И здесь дело какое: понимал, конечно, Владимир Иванович, что из-за сосисок изводиться, даже стыдно ему было — никогда не следует ронять свое рабочее достоинство, все понимал он, успокаивал себя, да пропади они вовсе пропадом, эти сосиски, но душа горела, и она очень желала, чтоб ему, хоть последнему, но что-нибудь досталось.

А люди, видя близость конца, завелись, глаза у них завидущие, в движениях суетливость, вот скажи человечку: унизься — и дам товар без очереди, — и унизится, да сам он такой же, Владимир Иванович, коли попал в круговерть очереди. Да и кто ж это в деле таком спокойствие сохранит? То уж человек без сердца, каменный человек.

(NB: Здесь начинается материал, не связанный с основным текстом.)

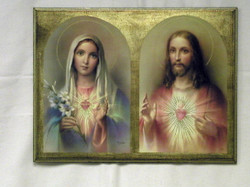 Sacred Heart of Jesus & Immaculate Heart of Mary Florentine Wall Plaque
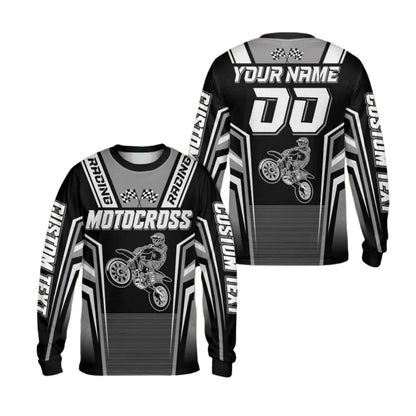 Custom Men's Blue MX Racing Long Sleeve Jersey, Custom Motocross Shirts ME0044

Но все на свете имеет конец, верно ведь? Продавщица громко сказала:

— Всё! Граждане, не стойте!

И тишина утраты, и сразу за ней взрыв:

— А мы-то что же?

— А говорила задним — не занимаете.

— Да что дразнитесь!

— Сами небось нахапали.

— Ряжки наели!

— Да, и себе кило. А постой здесь двенадцать часов.

— Только по губам помазали, параши.

— Хабалка!

— А директора дайте!

— Может, сразу министра?

— Издевается.

— Дайте книгу жалоб!

— И предложения?

— Издевается, матрена! Где товар? Дайте начальство — хуже будет. Прилавок разнесем, — и кто-то стукнул кулаком по прилавку.

Продавщица малость струхнула.

— А вот милицию, — заливисто начала она.

— А обэхээс, — крикнул кто-то издалека.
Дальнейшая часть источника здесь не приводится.